[ 
https://issues.apache.org/jira/browse/LUCENE-7398?page=com.atlassian.jira.plugin.system.issuetabpanels:comment-tabpanel&focusedCommentId=15484910#comment-15484910
 ] 

Paul Elschot commented on LUCENE-7398:
--------------------------------------

As to missing matches due to lazy iteration, I'd prefer to add an option to 
allow choice between current behaviour, the above patch (because I think it is 
slightly better than previous 4.10 behaviour), one that misses no matches, and 
perhaps more.
For example, would anyone like a SpanWindowQuery that only uses span start 
positions? That would at least allow an easy complete implementation.
And we need to document the current ordered - no overlap, and non ordered - 
overlap behaviour.

To improve scoring consistency, we could start by requiring that span near 
queries score the same as phrases.
There is a problem for nested span queries in that current similarities have a 
tf component over a complete document field, and this tf does not play well 
with the sloppy frequency for SpanNear over SpanOr. I'd like each term 
occurrence of a SpanTerm to contribute the same (idf like) weight to a 
SpanNear, but that can currently not be done because the spans of a SpanOr does 
not have a weight.
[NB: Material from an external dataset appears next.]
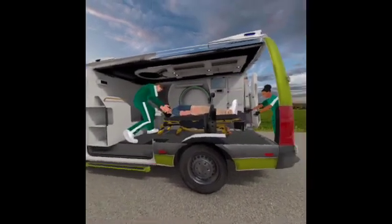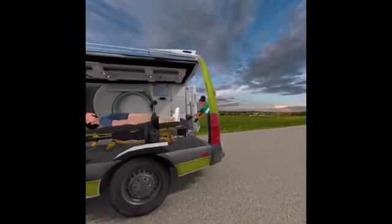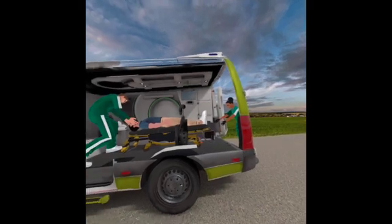The paramedics work together to remove the positioning aid device and stow it away in order to transport the patient to the hospital.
So when mixing terms with SpanOr it will be hard to get the 
same scoring as a boolean Or over PhraseQueries. I don't know how to resolve 
this, we may have to add something to the similarities for this.
SpanBoostQuery would only make sense when the individual Spans occrurences can 
carry a weight.
I'd prefer span scoring consistency to have its own jira issue(s).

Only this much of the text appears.